Report each line of the data that has "Gray" somewhere in it.

- Opening Delimiter -

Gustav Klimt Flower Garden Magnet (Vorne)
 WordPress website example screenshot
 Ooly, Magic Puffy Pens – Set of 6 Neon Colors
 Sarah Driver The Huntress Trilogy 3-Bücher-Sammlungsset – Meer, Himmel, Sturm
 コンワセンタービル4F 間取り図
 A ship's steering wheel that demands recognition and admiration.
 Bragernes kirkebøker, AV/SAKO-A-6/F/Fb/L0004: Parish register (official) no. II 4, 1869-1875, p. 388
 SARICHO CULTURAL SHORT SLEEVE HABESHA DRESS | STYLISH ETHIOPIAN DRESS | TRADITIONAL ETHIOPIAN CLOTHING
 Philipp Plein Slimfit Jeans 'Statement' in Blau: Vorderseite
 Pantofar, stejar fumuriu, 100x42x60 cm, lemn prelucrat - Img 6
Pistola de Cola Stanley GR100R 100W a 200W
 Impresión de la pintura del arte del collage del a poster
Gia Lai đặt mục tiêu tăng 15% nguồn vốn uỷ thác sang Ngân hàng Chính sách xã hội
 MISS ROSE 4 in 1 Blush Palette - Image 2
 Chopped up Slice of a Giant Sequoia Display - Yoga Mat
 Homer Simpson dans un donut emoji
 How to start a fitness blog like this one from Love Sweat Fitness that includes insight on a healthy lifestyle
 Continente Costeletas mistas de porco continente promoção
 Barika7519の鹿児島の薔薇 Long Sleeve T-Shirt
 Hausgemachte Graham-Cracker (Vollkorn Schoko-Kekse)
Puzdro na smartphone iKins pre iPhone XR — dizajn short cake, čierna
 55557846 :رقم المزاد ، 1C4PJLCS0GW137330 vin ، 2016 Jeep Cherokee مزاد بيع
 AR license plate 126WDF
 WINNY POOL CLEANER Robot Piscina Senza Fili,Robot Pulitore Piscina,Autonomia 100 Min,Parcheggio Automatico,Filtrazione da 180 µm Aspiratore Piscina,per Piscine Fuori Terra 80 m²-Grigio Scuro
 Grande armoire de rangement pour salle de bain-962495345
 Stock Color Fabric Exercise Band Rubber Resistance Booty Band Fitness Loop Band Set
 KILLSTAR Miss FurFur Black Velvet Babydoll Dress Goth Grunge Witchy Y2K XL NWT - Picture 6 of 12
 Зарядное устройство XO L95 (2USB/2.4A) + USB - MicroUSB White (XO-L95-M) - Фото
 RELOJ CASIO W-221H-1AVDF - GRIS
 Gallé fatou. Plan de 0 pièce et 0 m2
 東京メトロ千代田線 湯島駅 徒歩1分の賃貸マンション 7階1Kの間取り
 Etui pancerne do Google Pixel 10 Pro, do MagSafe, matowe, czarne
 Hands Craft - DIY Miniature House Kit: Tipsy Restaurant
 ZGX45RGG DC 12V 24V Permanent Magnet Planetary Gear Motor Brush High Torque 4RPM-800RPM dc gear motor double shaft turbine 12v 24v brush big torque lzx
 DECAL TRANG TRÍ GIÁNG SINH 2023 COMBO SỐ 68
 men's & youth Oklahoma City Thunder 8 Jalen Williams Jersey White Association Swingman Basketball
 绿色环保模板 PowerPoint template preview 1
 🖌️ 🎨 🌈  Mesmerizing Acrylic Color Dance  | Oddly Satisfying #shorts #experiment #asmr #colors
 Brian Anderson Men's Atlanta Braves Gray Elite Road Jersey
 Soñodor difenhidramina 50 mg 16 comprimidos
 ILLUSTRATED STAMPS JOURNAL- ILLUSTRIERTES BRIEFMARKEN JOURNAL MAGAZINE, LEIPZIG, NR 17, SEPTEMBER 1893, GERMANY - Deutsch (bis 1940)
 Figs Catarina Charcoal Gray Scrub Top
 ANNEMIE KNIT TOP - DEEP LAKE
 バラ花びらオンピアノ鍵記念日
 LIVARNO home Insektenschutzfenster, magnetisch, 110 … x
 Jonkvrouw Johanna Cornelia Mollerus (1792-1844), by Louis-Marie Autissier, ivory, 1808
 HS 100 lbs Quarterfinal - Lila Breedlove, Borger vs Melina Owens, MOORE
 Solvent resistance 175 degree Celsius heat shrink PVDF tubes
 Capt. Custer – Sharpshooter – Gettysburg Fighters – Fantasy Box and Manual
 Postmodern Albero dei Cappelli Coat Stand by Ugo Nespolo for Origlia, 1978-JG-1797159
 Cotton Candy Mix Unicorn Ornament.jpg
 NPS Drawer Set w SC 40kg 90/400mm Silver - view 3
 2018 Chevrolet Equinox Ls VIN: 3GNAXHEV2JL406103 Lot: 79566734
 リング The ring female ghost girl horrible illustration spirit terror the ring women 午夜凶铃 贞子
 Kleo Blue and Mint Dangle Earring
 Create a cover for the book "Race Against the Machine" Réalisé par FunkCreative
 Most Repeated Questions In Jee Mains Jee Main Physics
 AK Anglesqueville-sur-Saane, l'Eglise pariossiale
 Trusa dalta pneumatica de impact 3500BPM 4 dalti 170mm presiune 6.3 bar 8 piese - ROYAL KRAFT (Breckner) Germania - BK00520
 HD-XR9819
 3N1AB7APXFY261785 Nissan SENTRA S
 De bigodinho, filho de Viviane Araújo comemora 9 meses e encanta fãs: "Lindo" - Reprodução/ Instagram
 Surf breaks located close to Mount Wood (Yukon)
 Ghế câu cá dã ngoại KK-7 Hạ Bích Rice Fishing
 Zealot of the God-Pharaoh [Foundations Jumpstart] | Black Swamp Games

- Closing Delimiter -

» **Expected output**:
 Brian Anderson Men's Atlanta Braves Gray Elite Road Jersey
 Figs Catarina Charcoal Gray Scrub Top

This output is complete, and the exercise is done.